Task to complete »
Please copy exactly the part of the records below that opens with the line containing "IBG Models 1/72" and closes with the line containing "Chanel Biker Boots EUR 41 Black 12", leaving out any pictures.

Input data »

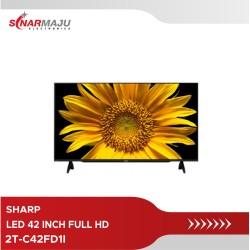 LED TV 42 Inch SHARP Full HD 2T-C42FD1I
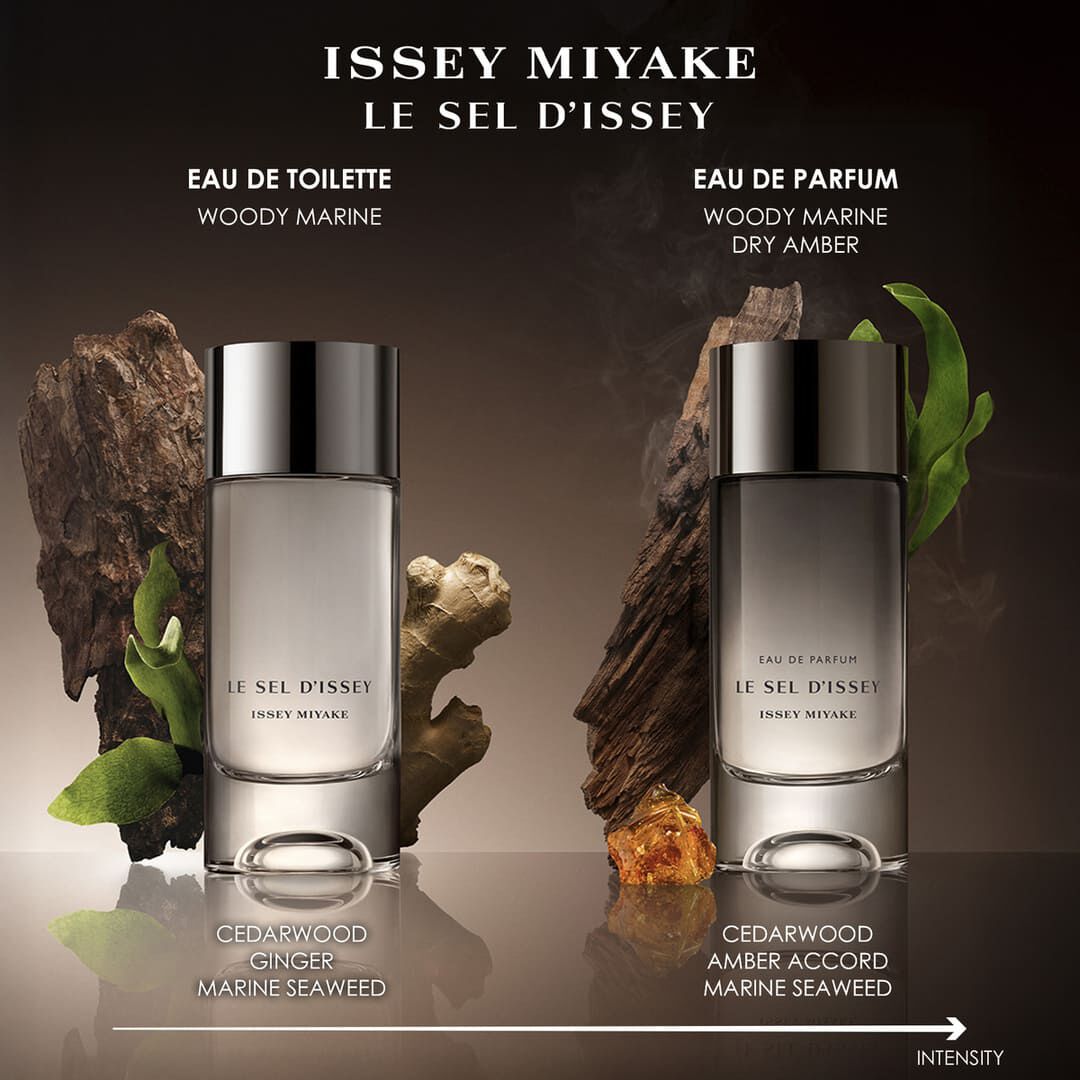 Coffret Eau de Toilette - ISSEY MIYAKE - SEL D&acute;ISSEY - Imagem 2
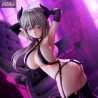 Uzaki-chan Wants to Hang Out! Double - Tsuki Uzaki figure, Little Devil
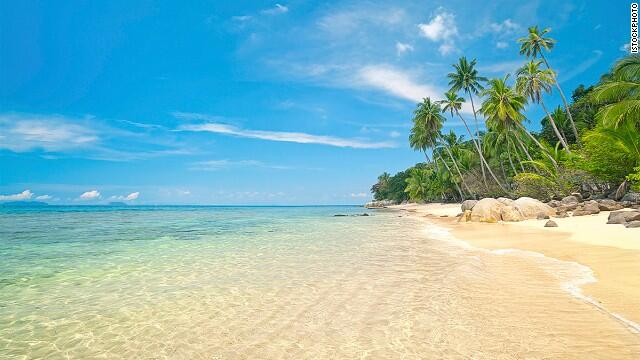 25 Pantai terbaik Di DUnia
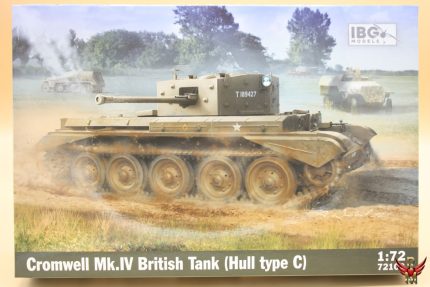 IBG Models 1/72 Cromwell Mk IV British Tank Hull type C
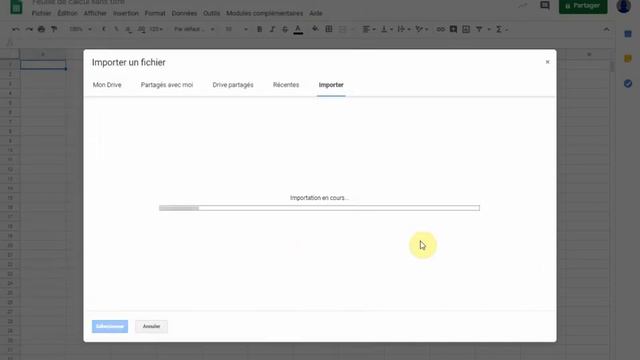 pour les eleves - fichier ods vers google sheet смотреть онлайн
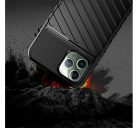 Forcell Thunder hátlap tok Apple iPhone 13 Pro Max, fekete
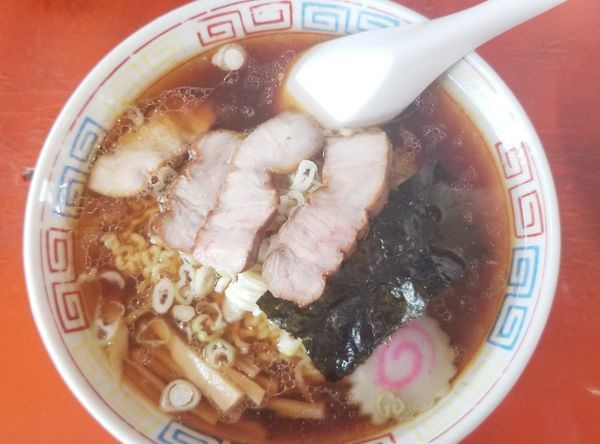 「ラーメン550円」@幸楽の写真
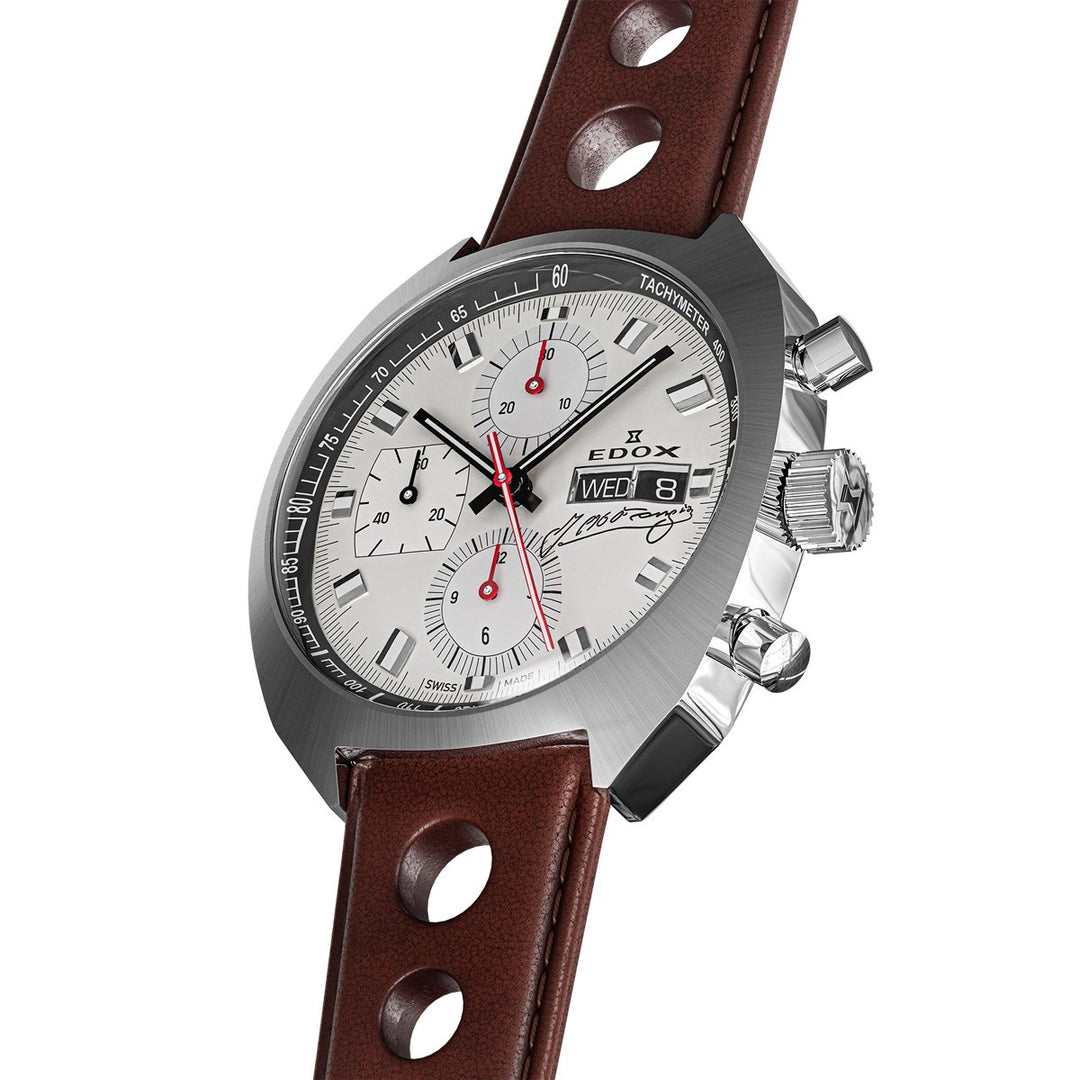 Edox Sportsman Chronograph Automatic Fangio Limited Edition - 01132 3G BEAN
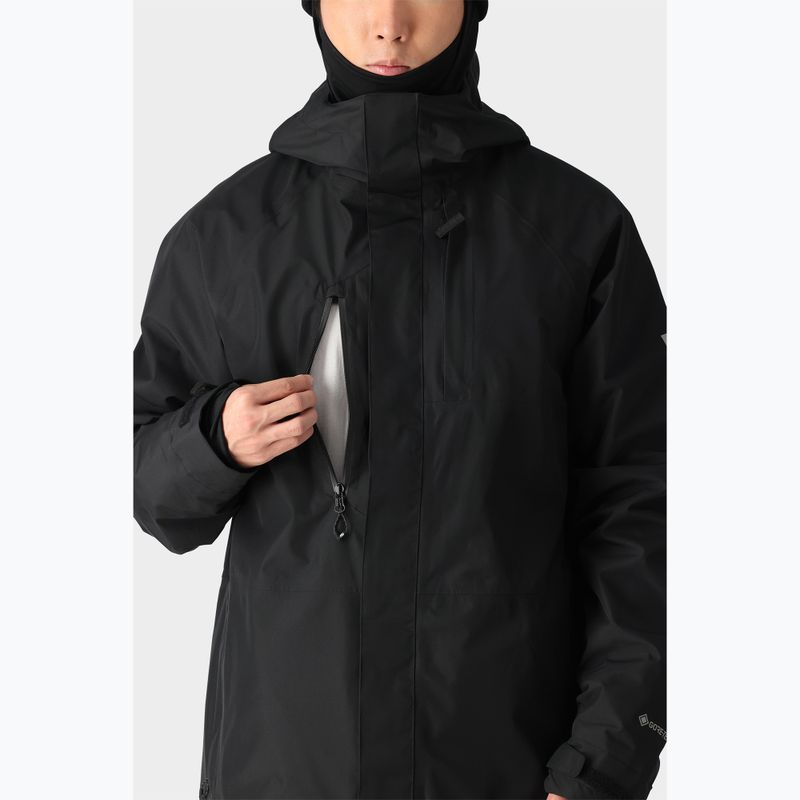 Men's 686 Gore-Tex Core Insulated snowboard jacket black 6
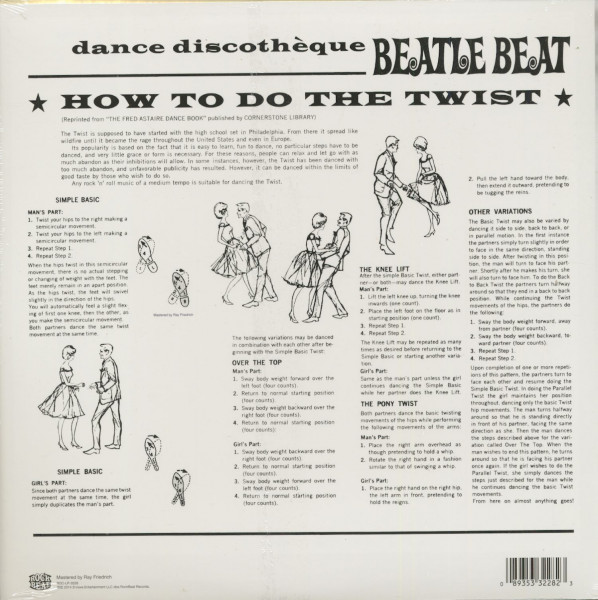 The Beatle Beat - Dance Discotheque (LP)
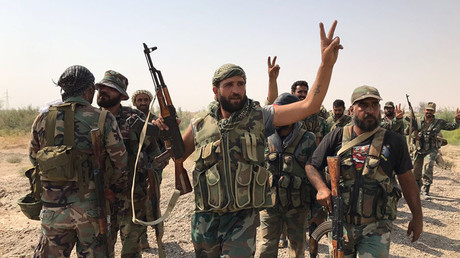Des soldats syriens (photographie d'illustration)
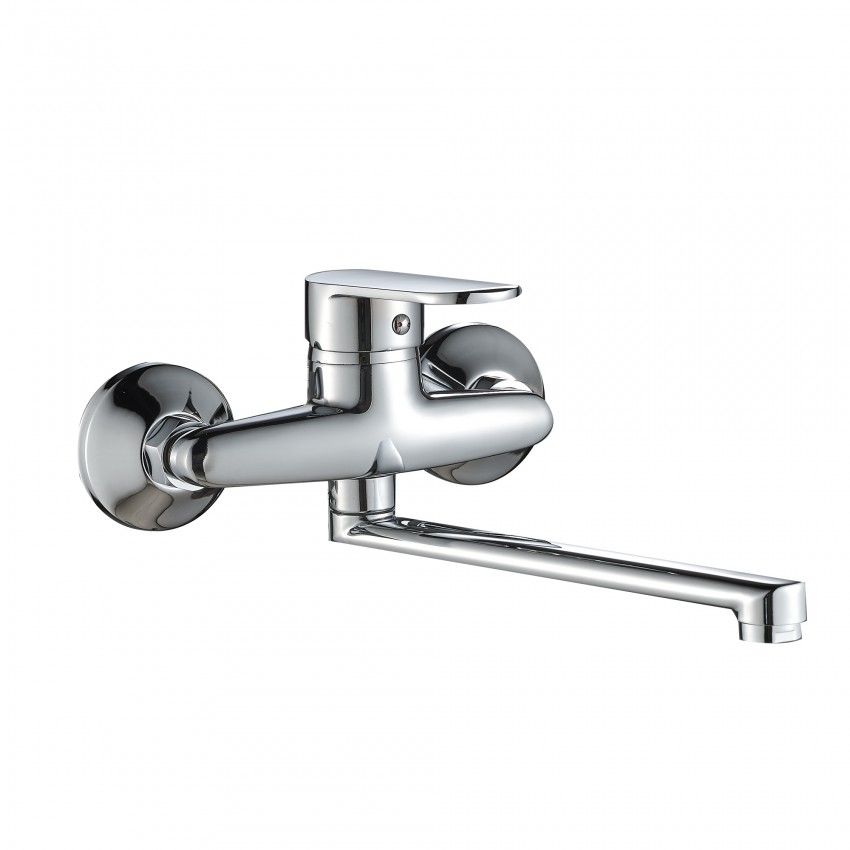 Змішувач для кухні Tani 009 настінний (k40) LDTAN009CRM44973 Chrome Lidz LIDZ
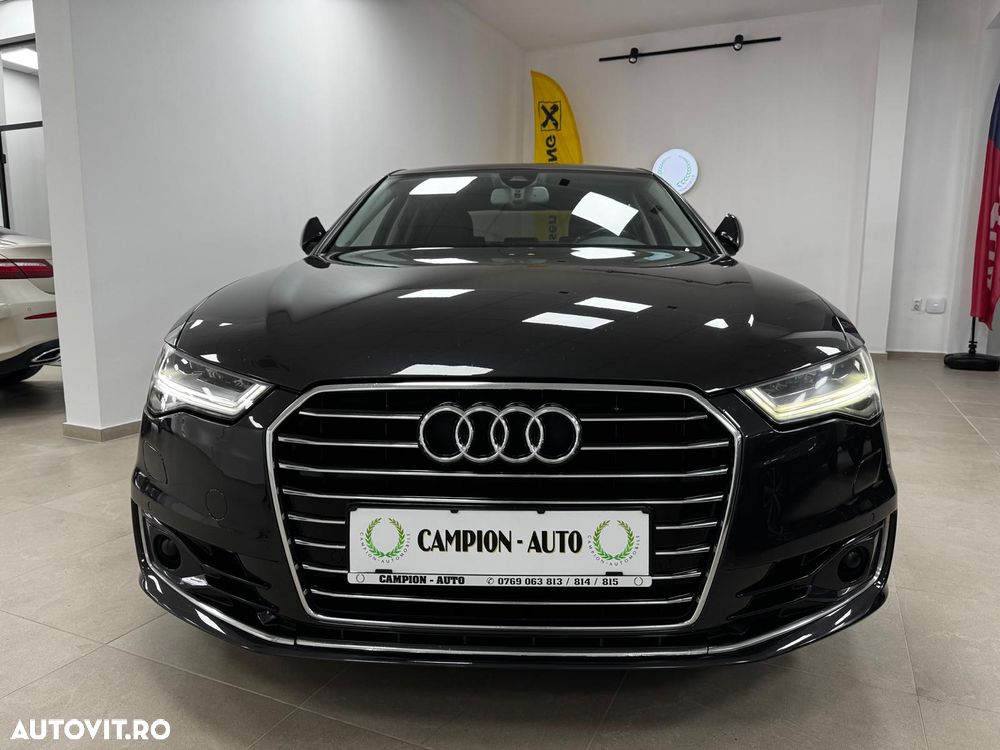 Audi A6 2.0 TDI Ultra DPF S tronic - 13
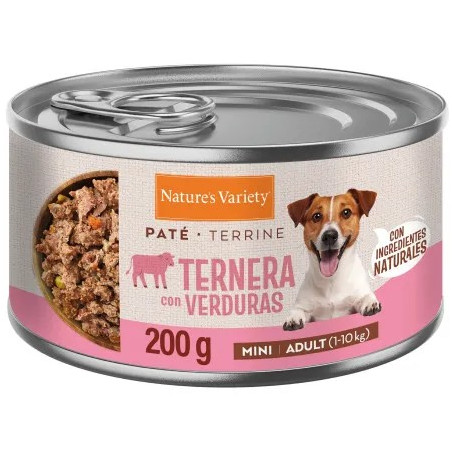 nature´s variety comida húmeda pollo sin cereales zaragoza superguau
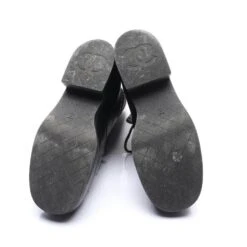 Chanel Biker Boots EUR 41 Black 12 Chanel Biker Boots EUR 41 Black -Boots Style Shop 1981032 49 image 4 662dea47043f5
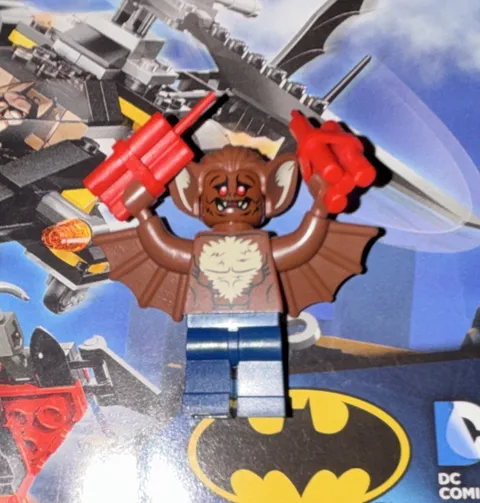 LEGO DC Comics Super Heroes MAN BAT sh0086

Output of the exercise »
 IBG Models 1/72 Cromwell Mk IV British Tank Hull type C
 pour les eleves - fichier ods vers google sheet смотреть онлайн
 Forcell Thunder hátlap tok Apple iPhone 13 Pro Max, fekete
 「ラーメン550円」@幸楽の写真
 Edox Sportsman Chronograph Automatic Fangio Limited Edition - 01132 3G BEAN
 Men's 686 Gore-Tex Core Insulated snowboard jacket black 6
 The Beatle Beat - Dance Discotheque (LP)
Des soldats syriens (photographie d'illustration)
 Змішувач для кухні Tani 009 настінний (k40) LDTAN009CRM44973 Chrome Lidz LIDZ
 Audi A6 2.0 TDI Ultra DPF S tronic - 13
 nature´s variety comida húmeda pollo sin cereales zaragoza superguau
 Chanel Biker Boots EUR 41 Black 12 Chanel Biker Boots EUR 41 Black -Boots Style Shop 1981032 49 image 4 662dea47043f5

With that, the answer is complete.